It’s not too late to join our 2016 Public Health Webinar Series …

StoryCenter’s six-part Public Health Webinar Series for this year began in April and continues in mid-June. Learn about how our workshop-based production methods enable participants to share compelling first-person narratives as short videos, and gain insight into the many applications of digital storytelling, for public health. Sign up now for the series (you’ll get a link to the recording of the April session), to receive a discount off the individual webinar price!



Young South African Women Share Powerful Stories From Their Own Lives

Grassroot Soccer is an adolescent health organization that leverages the power of soccer to educate, inspire, and mobilize youth to overcome their greatest health challenges, live healthier, more productive lives, and be agents for change in their communities.
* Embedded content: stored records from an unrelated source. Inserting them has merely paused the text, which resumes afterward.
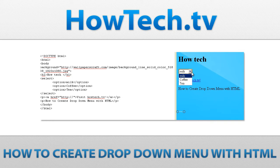The advantage of a drop-down menu, compared to radio buttons or checkboxes, is that it takes up less space.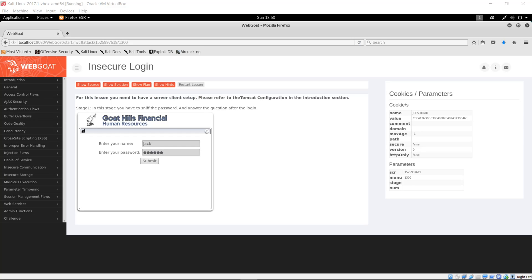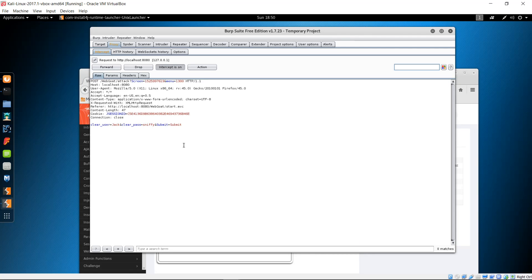Lastly, we're going to look at the Insecure Communication - Insecure Login lesson. This recommends using a sniffer, but we can see the same thing with Burp Suite. Click Submit with the intercepting proxy running and swap to Burp Suite. As you can see, we have the username 'Jack' and the password 'Sniffy' in plain text. This is the POST data that would be visible if capturing packets with a protocol analyzer such as Wireshark or tcpdump — completely visible in the clear, which is a very poor security practice.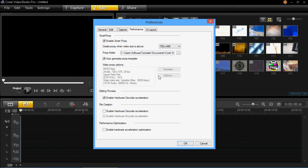So basically that's all Smart Proxy is. It's just to allow you to have a more fluid experience while you're editing your videos. It won't make your computer run as hard. It doesn't have to process a big file. It just has to process a smaller one.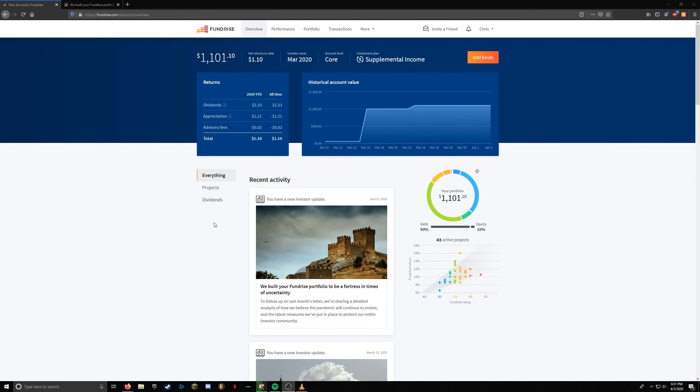I just wanted to give an update on Fundrise here. Last time I made a video, it was all upside, and now we finally have some negative stuff going on.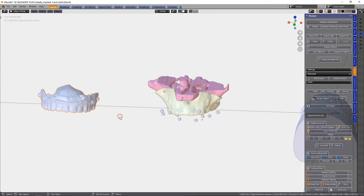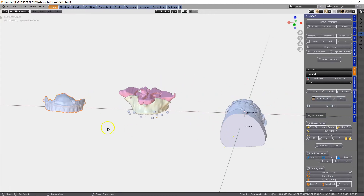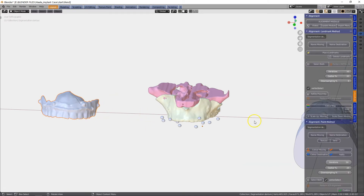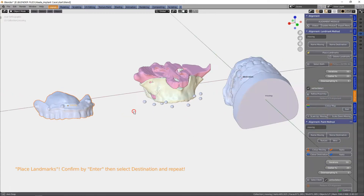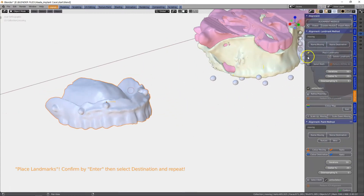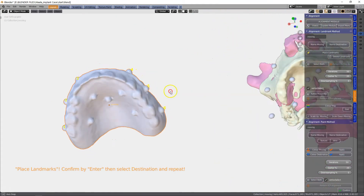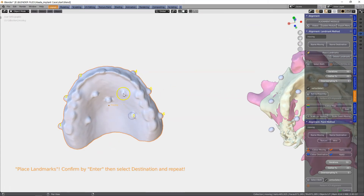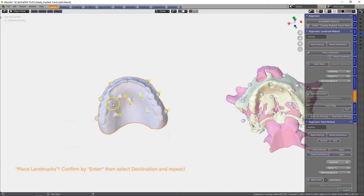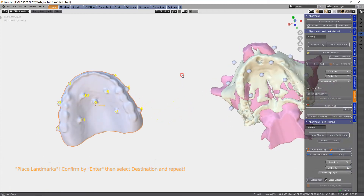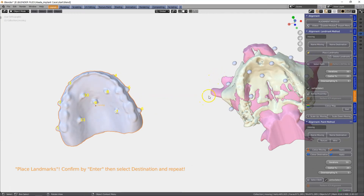Now we're going to align this to the markers, and then we're going to align all of this to the denture. We're going to go to the alignment module. This becomes the moving, and this becomes our destination. Let's place these — I'm going to go into an anti-clockwise direction. There's a lot — seven, eight, nine, ten. We don't need that many, honestly. Three or four is way enough, but there must be more than two. Enter. And we're going to do the same on this one. Place: one, two, three, four.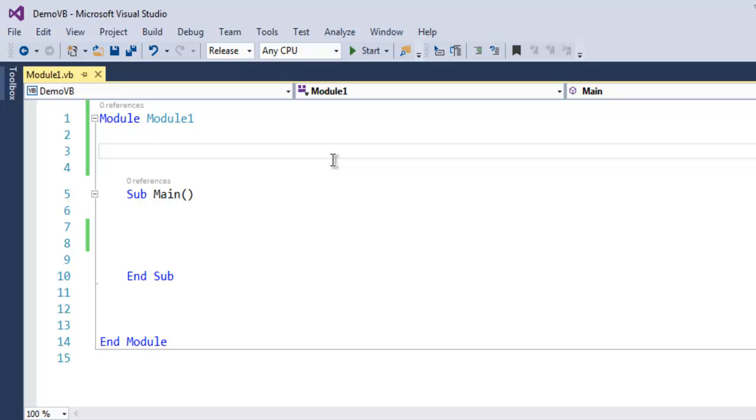Hi there. In this video I'm going to show you how to create a class in VB.NET. The first thing I want you to do is open Visual Studio and create a VB.NET console application.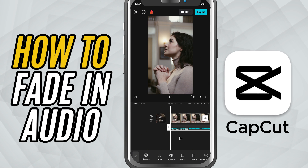Today, I'll show you how to fade in audio, a simple trick to make your sound start smoothly and professionally. Let's jump right in.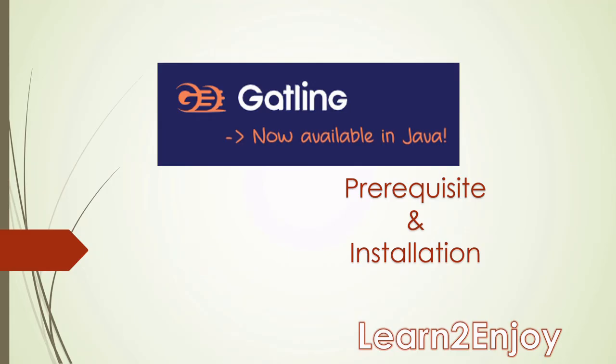Hello guys, welcome back to my channel. Hope everyone is well and safe. In this particular video or series we will be looking into Gatling DSL, and we will be taking a look into Gatling DSL along with Java. So in the very first video we'll be talking about prerequisite and the installation part. So let's move ahead.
We’re proud to share these beautiful stories from our recent work with Grassroot Soccer South Africa. Last month, our Silence Speaks initiative partnered with Grassroot Soccer in Cape Town, to lead a five-day storytelling and participatory media workshop with an amazing group of female mentors who use the power of soccer to teach sexual and reproductive health and rights awareness to adolescent girls. The project was framed as a small-scale study of the value of participatory media, for building a sense of agency and leadership among mentors. The workshop began at Grassroot Soccer’s facility in Khayelitsha and was completed at the U.S. State Department sponsored “American Corner” of the Cape Town Public Library. The young women’s stories, which touch on overcoming gender-bias in sport, surviving gender-based violence, and the resilience it takes to thrive in spite of deeply entrenched structural obstacles to staying healthy, completing an education, and finding viable employment, will be shared at local screenings and conferences in the coming months – including the upcoming International AIDS Conference 2016.
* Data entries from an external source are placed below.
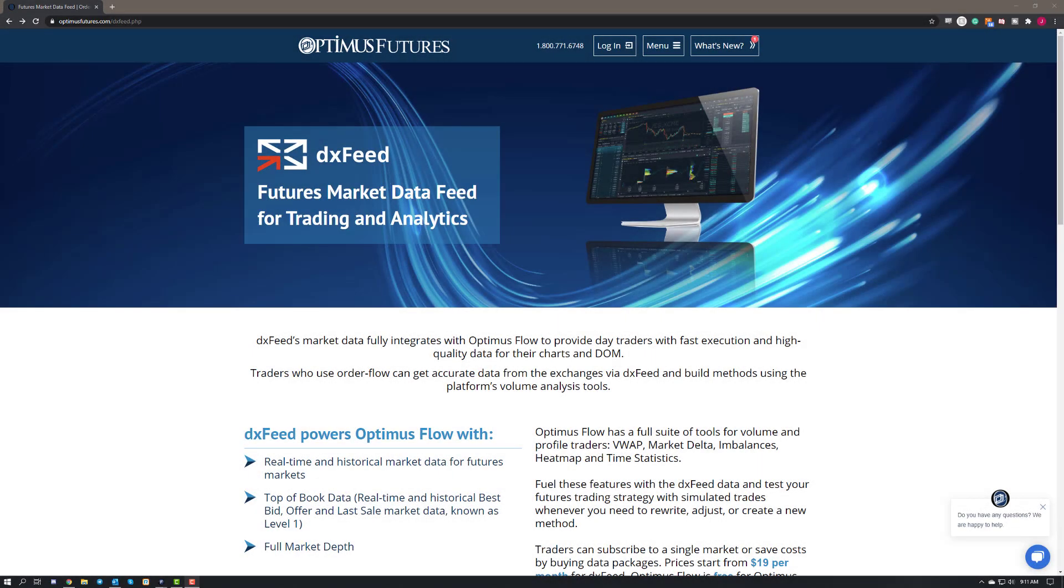Hey traders, Jake from Optimus Futures here and I'm pleased to announce that we've begun working with DXFeed as a data feed option on the Optimus Flow trading platform. This video is going to be a quick tutorial and show you how to sign up for DXFeed and also show you how to connect to the data feed on Optimus Flow.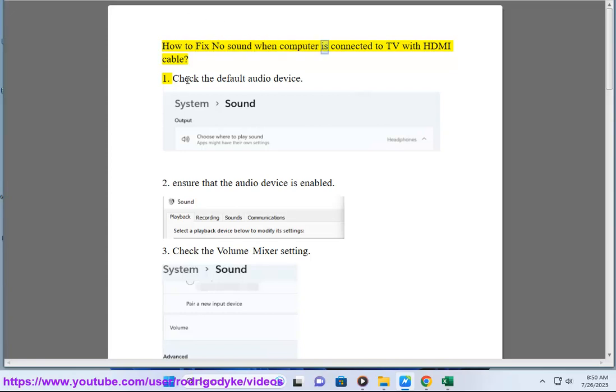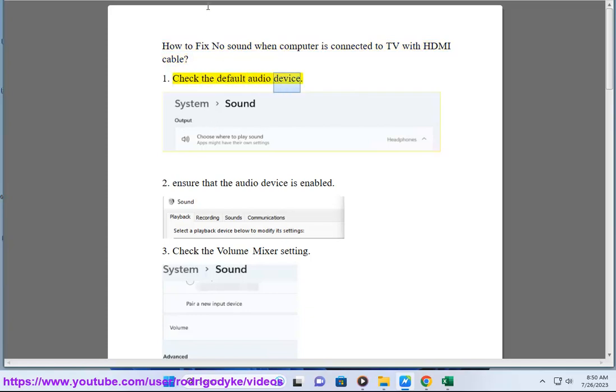How to fix no sound when computer is connected to TV with HDMI cable. Step 1: Check the default audio device.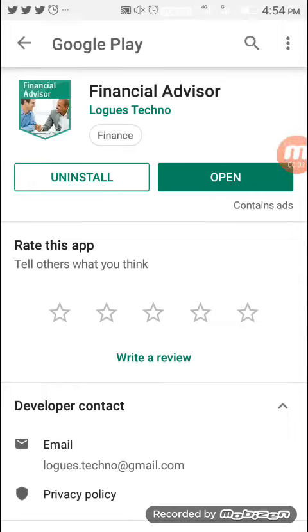Hi friends, we want to introduce a new mobile app called Financial Advisor. This Financial Advisor app is very easy to use.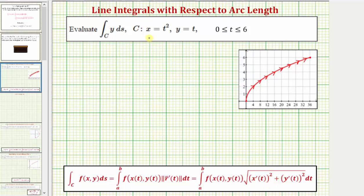Sometimes the curve C is given as a vector-valued function. If it was given as r(t), we can also say that differential ds is equal to the magnitude of r prime of t dt.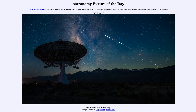Greetings and welcome to the introduction to astronomy. One of the things that I like to do in each of my introductory astronomy classes is to begin the class with the astronomy picture of the day from the NASA website, that is apod.nasa.gov/apod.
Digital Storytelling as a Health Intervention for Somali and Latino Adults With Type II Diabetes

While Type II Diabetes is higher among immigrants and refugees in the United States than in the general population, many immigrants and refugees are less likely to receive the healthcare information that they need, about the disease. As part of a larger participatory research project, we partnered with the Mayo Clinic, in conjunction with the Rochester Healthy Community Partnership(RHCP), on a digital storytelling project to explore how culturally appropriate, personal stories about healthcare management and challenges can be effective as an intervention to promote health literacy and health behavior change among Latino and Somali immigrants. For more information, read a case study about the project or see article: Njeru et al. “Stories for Change: Development of a Diabetes Digital Storytelling Intervention for Refugees and Immigrants to Minnesota Using Qualitative Methods.” BioMed Central Public Health (2015).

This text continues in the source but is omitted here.